**Task inputs:**
::::::::
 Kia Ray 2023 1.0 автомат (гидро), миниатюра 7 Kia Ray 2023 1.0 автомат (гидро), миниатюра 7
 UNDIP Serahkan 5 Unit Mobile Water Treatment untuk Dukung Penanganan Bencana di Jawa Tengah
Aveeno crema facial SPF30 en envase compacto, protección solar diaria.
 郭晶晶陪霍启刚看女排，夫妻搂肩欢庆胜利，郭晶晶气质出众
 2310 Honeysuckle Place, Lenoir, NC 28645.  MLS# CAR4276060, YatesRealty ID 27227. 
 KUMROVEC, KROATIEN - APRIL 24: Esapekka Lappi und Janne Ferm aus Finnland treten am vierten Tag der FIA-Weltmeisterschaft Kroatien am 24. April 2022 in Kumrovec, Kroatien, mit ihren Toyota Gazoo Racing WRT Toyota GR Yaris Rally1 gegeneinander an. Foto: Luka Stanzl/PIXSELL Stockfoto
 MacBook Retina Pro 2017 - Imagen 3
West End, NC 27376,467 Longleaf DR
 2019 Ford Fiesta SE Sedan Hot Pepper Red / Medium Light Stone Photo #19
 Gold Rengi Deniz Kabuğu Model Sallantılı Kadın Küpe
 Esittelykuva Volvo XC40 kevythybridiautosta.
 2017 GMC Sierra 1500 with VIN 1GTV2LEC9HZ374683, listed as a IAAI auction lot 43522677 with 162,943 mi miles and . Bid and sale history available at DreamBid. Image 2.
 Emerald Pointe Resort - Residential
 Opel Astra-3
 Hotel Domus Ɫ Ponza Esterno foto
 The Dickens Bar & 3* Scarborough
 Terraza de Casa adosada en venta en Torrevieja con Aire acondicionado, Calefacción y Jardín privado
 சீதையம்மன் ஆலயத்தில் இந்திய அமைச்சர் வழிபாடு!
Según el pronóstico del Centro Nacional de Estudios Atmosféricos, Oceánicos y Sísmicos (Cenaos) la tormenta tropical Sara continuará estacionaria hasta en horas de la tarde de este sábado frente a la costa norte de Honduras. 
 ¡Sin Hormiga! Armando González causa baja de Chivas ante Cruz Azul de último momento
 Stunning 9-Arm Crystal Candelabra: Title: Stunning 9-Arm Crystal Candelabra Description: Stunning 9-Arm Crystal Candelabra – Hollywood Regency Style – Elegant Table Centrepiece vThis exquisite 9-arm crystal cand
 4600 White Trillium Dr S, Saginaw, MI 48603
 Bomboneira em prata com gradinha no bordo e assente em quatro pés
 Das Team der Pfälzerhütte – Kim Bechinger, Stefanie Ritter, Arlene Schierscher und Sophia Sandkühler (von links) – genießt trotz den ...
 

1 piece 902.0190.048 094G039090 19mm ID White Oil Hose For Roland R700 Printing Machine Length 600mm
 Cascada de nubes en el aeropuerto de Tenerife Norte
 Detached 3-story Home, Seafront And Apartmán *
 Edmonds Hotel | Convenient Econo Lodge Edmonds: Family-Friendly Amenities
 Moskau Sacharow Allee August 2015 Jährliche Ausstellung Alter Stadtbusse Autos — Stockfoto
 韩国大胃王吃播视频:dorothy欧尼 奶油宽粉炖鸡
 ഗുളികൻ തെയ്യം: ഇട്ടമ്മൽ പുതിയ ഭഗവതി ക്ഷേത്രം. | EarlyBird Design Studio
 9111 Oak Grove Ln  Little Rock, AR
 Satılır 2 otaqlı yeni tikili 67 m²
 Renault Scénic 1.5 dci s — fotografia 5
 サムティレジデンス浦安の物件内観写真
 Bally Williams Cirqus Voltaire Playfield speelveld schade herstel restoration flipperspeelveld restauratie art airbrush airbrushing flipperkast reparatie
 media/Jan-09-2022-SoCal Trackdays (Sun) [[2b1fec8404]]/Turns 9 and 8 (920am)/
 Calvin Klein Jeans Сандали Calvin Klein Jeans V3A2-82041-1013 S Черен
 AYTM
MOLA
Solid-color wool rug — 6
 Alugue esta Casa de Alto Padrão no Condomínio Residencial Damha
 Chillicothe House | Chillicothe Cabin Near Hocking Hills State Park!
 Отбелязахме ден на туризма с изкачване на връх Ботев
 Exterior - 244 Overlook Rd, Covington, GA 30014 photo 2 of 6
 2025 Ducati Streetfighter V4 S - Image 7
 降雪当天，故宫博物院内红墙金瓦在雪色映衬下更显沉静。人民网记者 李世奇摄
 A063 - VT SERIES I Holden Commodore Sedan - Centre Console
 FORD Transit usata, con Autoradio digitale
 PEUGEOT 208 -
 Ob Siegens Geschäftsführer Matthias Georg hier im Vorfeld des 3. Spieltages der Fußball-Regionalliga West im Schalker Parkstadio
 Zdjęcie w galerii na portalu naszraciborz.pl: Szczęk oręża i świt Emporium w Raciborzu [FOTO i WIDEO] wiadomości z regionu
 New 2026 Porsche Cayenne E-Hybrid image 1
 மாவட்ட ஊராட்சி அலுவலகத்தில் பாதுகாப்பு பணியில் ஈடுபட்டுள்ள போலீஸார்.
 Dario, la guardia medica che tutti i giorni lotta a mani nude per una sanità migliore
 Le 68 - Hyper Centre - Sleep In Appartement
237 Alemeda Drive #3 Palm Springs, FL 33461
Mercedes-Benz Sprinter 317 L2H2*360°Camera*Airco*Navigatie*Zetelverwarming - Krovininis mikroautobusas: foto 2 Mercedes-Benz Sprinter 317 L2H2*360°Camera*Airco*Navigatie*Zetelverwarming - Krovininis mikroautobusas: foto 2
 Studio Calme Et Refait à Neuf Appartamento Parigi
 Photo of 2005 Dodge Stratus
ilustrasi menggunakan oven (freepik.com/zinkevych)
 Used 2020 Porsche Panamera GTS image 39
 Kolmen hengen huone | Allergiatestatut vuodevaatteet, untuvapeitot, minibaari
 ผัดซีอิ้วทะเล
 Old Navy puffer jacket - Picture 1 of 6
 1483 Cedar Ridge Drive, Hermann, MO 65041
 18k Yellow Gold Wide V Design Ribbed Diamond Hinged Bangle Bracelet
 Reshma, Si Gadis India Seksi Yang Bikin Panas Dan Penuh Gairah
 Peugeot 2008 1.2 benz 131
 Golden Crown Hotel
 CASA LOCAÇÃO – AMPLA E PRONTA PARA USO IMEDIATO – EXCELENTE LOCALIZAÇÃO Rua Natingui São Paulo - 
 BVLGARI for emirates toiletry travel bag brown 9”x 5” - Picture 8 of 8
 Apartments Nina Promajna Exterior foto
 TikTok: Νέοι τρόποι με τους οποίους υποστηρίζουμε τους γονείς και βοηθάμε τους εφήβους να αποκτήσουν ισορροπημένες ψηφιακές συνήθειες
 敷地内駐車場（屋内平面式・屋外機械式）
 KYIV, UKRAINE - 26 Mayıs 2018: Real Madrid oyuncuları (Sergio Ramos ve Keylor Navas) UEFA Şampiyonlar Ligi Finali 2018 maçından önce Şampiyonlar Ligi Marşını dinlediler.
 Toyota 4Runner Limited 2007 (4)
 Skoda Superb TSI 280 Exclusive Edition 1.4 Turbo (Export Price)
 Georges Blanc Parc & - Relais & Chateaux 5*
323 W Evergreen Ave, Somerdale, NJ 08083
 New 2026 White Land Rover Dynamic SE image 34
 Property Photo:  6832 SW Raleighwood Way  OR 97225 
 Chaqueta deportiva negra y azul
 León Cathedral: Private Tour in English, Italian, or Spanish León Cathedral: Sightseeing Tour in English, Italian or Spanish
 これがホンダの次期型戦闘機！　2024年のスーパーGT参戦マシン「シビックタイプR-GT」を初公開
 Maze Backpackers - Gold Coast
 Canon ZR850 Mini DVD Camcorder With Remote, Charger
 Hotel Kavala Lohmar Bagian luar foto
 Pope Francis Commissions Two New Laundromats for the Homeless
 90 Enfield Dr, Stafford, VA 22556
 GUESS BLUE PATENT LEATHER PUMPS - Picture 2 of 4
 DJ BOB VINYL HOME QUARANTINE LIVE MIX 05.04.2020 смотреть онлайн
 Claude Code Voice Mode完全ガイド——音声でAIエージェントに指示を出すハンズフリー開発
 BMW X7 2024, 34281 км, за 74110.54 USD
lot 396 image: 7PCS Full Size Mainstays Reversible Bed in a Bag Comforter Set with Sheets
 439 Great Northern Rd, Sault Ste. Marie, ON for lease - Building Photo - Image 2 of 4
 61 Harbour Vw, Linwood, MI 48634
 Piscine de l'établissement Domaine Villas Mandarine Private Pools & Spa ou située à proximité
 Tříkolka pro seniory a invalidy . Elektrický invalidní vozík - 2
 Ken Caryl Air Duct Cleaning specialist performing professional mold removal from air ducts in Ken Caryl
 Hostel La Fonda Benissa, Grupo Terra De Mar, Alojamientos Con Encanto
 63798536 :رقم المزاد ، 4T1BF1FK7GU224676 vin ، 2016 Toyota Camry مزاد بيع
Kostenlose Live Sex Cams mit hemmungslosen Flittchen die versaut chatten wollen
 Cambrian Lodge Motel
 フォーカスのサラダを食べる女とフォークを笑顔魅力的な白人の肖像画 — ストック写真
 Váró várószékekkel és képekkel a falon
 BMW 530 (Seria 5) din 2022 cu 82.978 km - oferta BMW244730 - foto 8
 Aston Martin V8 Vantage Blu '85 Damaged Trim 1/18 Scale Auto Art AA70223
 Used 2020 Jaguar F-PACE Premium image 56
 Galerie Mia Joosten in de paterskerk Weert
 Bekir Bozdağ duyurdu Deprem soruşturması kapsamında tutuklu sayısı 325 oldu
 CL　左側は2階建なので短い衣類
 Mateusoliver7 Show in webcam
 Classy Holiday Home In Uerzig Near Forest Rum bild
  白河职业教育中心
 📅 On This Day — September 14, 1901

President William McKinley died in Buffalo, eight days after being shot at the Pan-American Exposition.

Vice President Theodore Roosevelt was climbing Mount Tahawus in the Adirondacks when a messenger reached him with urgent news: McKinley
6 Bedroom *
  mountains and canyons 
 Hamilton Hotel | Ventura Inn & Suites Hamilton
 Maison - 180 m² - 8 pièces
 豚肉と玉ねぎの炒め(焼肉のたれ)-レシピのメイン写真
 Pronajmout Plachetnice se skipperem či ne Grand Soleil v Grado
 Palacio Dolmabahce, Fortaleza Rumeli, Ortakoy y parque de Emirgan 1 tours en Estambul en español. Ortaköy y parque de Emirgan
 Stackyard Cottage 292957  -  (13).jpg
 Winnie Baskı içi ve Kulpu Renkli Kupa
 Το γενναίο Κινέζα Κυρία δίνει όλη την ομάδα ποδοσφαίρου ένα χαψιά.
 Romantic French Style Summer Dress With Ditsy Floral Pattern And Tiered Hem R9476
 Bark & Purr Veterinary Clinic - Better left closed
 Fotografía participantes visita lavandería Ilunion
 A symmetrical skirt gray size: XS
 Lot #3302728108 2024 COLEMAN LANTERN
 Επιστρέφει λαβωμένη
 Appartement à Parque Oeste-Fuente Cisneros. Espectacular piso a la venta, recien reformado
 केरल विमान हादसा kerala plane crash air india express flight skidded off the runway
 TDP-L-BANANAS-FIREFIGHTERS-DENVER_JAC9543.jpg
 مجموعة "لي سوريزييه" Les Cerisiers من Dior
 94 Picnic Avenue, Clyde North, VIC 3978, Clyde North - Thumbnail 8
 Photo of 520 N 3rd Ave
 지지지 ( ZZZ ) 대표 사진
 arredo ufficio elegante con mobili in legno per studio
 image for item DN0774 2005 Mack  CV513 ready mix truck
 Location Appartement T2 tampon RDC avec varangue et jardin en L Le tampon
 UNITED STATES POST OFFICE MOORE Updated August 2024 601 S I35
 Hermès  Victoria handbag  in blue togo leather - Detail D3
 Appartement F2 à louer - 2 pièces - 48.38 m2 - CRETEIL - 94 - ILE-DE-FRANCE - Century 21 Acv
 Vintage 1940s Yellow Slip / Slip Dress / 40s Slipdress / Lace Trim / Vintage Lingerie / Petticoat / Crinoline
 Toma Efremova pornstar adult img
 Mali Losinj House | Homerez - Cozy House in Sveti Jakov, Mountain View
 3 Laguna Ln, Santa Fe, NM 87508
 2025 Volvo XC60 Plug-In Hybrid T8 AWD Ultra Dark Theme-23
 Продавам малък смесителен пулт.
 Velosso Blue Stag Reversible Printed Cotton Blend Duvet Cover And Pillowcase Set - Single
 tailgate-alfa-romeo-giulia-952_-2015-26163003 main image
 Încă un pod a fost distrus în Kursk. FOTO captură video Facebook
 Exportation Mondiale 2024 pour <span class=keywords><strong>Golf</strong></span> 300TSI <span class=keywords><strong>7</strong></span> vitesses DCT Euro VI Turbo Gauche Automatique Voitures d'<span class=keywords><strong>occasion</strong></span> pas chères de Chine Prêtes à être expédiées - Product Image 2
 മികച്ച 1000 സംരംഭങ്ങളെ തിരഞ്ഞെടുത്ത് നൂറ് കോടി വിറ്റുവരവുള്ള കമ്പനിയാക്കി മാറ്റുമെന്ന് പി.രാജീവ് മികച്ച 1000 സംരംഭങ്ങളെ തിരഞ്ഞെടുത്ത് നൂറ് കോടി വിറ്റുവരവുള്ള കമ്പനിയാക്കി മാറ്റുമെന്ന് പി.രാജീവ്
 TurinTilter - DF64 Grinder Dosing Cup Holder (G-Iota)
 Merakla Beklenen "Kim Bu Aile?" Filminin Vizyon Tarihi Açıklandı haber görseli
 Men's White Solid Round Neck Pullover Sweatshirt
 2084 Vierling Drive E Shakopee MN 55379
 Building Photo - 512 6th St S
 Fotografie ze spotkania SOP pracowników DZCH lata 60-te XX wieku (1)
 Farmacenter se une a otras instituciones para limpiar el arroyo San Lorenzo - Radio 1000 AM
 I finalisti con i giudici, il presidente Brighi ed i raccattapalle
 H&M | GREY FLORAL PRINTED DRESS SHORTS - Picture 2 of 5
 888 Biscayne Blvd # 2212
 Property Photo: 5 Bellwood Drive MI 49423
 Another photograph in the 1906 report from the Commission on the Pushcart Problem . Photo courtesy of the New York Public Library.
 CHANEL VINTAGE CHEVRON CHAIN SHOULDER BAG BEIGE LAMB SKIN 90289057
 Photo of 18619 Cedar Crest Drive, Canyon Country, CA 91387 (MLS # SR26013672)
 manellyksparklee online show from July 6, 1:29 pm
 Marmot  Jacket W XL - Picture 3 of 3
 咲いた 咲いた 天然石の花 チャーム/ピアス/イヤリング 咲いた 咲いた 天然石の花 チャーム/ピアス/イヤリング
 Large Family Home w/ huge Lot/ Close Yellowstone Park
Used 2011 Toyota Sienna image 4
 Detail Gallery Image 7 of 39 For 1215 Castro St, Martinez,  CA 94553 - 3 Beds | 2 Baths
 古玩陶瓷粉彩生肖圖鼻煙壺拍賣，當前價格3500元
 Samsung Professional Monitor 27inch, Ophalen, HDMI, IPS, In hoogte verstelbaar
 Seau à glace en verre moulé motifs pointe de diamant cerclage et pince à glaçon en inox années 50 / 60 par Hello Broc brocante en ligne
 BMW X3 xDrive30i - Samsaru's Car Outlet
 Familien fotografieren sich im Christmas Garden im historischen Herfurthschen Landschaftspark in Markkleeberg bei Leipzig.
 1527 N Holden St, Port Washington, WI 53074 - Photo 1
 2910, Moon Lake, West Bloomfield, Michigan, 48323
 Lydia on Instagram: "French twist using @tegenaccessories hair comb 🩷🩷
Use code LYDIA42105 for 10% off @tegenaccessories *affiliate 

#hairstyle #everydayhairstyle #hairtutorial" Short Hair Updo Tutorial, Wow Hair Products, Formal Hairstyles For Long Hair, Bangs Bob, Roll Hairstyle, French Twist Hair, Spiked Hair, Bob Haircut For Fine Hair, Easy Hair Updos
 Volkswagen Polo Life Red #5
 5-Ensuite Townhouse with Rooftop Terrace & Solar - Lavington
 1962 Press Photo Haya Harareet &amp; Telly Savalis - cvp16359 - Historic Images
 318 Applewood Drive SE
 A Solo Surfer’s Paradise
::::::::
**Exercise directions:** Would you retype exactly the lines above, from the line with "咲いた 咲いた 天然石の花 チャーム/ピアス/イヤリング 咲いた" to the line with "Use code LYDIA42105", with both end lines kept and nothing more?

**Response:**
 咲いた 咲いた 天然石の花 チャーム/ピアス/イヤリング 咲いた 咲いた 天然石の花 チャーム/ピアス/イヤリング
 Large Family Home w/ huge Lot/ Close Yellowstone Park
Used 2011 Toyota Sienna image 4
 Detail Gallery Image 7 of 39 For 1215 Castro St, Martinez,  CA 94553 - 3 Beds | 2 Baths
 古玩陶瓷粉彩生肖圖鼻煙壺拍賣，當前價格3500元
 Samsung Professional Monitor 27inch, Ophalen, HDMI, IPS, In hoogte verstelbaar
 Seau à glace en verre moulé motifs pointe de diamant cerclage et pince à glaçon en inox années 50 / 60 par Hello Broc brocante en ligne
 BMW X3 xDrive30i - Samsaru's Car Outlet
 Familien fotografieren sich im Christmas Garden im historischen Herfurthschen Landschaftspark in Markkleeberg bei Leipzig.
 1527 N Holden St, Port Washington, WI 53074 - Photo 1
 2910, Moon Lake, West Bloomfield, Michigan, 48323
 Lydia on Instagram: "French twist using @tegenaccessories hair comb 🩷🩷
Use code LYDIA42105 for 10% off @tegenaccessories *affiliate 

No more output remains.